Andrea follows him back to his home, trying to talk sense into him. The town needs him to act like the leader. But he’s over it. He doesn’t care if the people stay or go. He’s got a personal vendetta to settle, and he could care less about anything other than that. Andrea wants to know where he found Daryl. He lets her in on the big secret: he had Glenn and Maggie and was torturing them for information. Clunk. And by the way, Andrea, according to the Governor, you’re just a visitor, too.
Back at the prison, Rick and the others return, letting a very sad Carol know that Daryl choose Merle. Rick refuses to talk Tyreese’s group and heads in to bond with his daughter. But as soon as he gets to hold Judith, she starts crying and he starts looking guilty. Is it that she doesn’t trust him? Is it that she reminds him of all he has lost? Either way, things are not good and Rick still has a bit of the crazy. It’s only been a few days since he went all Kurtz in the prison, remember.
While Rick turns over what to do with the newcomers, Hershel dresses Glenn’s wounds. You don’t have to be an astute farmer to figure out that something (besides to whole kidnapping thing) is majorly wrong between Glenn and Maggie. Separately, he urges them to share their feelings with one another. Then he goes off to fix up Michonne, who Rick wants out of the prison the moment she can walk again.

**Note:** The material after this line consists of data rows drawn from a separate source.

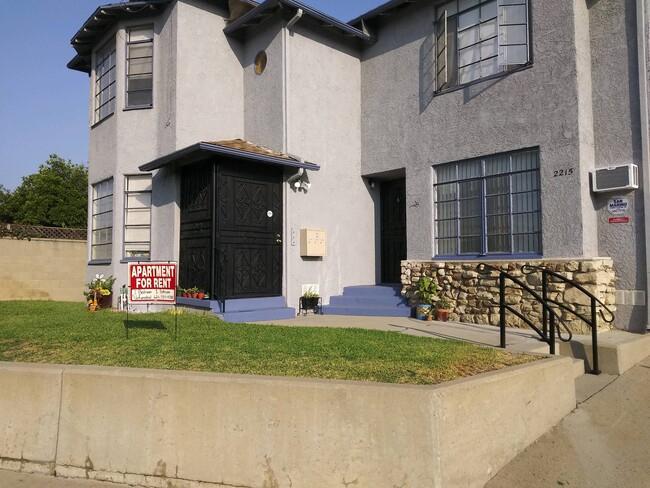 Building Photo - 2215 W Ramona Rd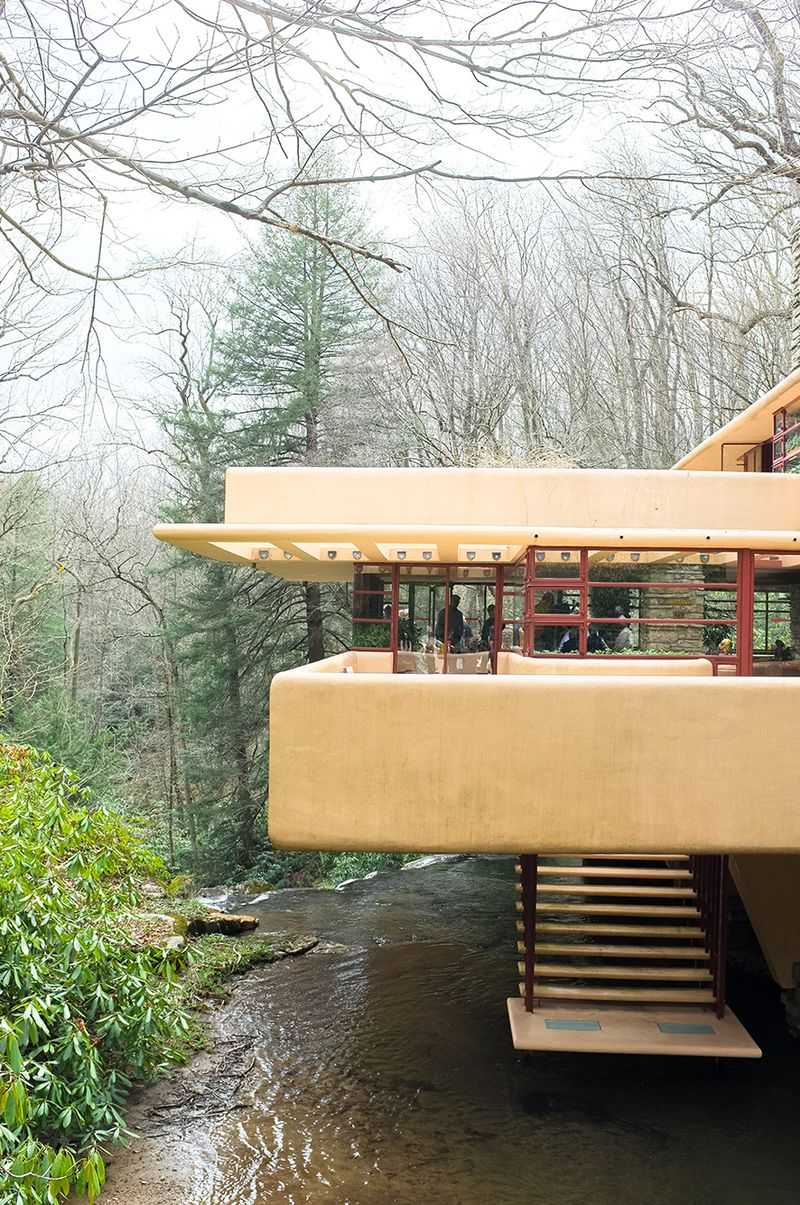 Fallingwater's Glass Extension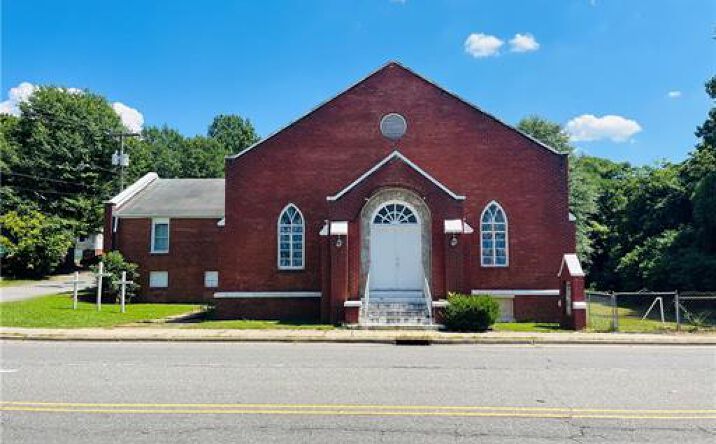 Pictures of Retail property located at 1303 Gaston Ave, Gastonia, NC 28052 for sales - image #1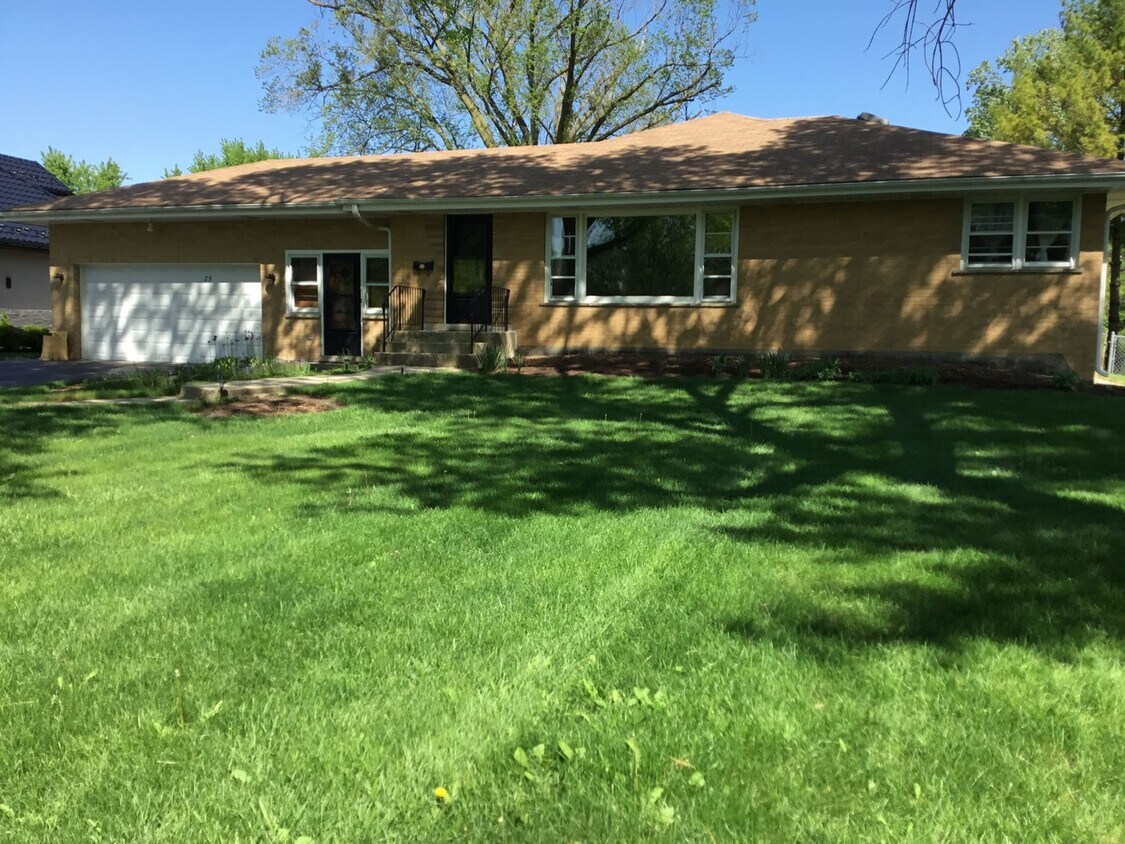 Primary Photo - 25 Pine Tree Rd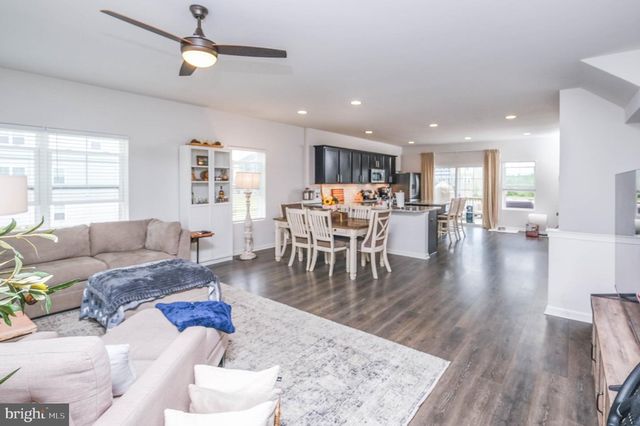 218 PARKLAND DR, Stephenson, VA 22656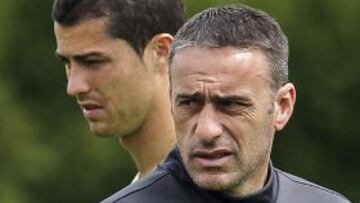 El seleccionador portugu&eacute;s, Paulo Bento (d), y el delantero Cristiano Ronaldo durante el entrenamiento de Portugal.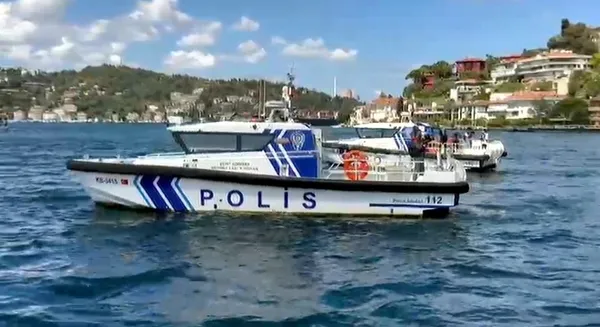 istanbul-bogazinda-kaybolan-rus-yuzucu-icin-arama-calismalari-3uncu-gununde-yogunlastirildi-dalgiclar-bogazda-1756211957352.jpg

When Rick finally meets with Tyreese, two things are clear: he does not trust any single person outside of his own group, and the Governor will surely retaliate. Others in the group recognize that the addition of Tyreese and his people will help in the war that is to come. As it stands, they will be outnumbers and outgunned when the Governor comes knocking. Tyreese agrees to help defend the prison, but Rick still isn’t sure. I don’t believe it is because Rick thinks they are bad people, I think it is because he can’t be responsible (mentally) for any more lives lost.
Just when he is about to agree, Rick sees Lori standing on the catwalk in her wedding dress. He starts screaming at her to get out as the others watch in horror. Not sure who or what he is talking to, Tyreese and his group leave to protect themselves from gun-swinging Rick. Yep, Rick’s brain is broken.